When I asked the big cheese at the palace he they felt it was important to recreate Christmas for people who were doing their utmost to get away from it all, he was nonplussed.
‘We give them what they want,’ he had to almost shout to make himself heard over the carol cacophony as big-booted Father C ho-ho’d on by.
This was not what I wanted. And the booby prize goes to those at the Taj group of hotels who decided that it would be a good idea to cover the Lake Palace Hotel, that great white floating gem in the middle of Lake Picchola, in Christmas decorations awful enough to have been rejected by every sale dump bin west of Tehran. And a special mention for the plastic laughing Father Cs stuck on the windows with peeling Sellotape.
All was forgotten 45 minutes away through the scrub edges of the Thar desert, 45 glorious minutes away from Santas, both gum-booted and Sellotaped. I was not sure that anyone would ever be able to achieve in India what the owners of Devi Garh have created from a crumbling palace in just two years of restoration and construction. Devi Garh is possibly the first really unusual and seriously high calibre hotel in India that compares with any other unique property around the world. The external restoration is in full sympathy with the original palace fort build during the 18th century. The trick that the owners and architects have pulled off has been the creation of pure, rinsed modern interiors with design and attention to detail based on tradition while being utterly modern in execution.

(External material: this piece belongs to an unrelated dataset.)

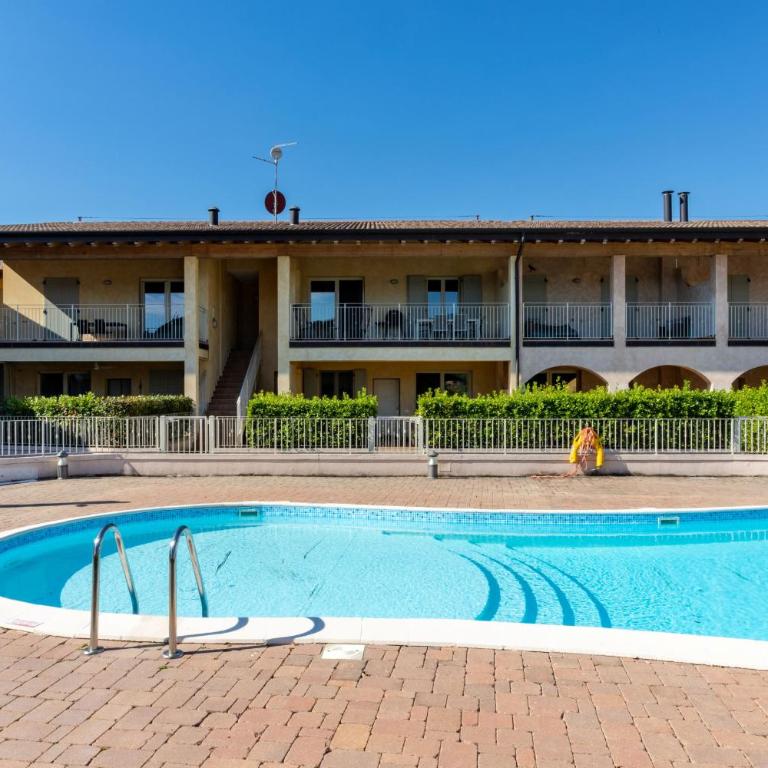 Casa Verde - Appartamento con Balcone - 2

The other great trump of Devi Garh is either through luck or ingenious design because the fort looks down on that rare gem, the perfect village. It is of such Rajasthani purity that you almost want to check with some of the gnarled ancients roaming the narrow streets whether they came from central casting via the Indian Tourist Board.
Memories of piped music and buffet acreage just disappeared in a cloud of desert dust on finding an alcove that hung over the gardens. The tall elegant waiter had to stoop to get through the secret doorway. And he did so without spilling a drop of champagne or breaking a single papaddum on his silver tray.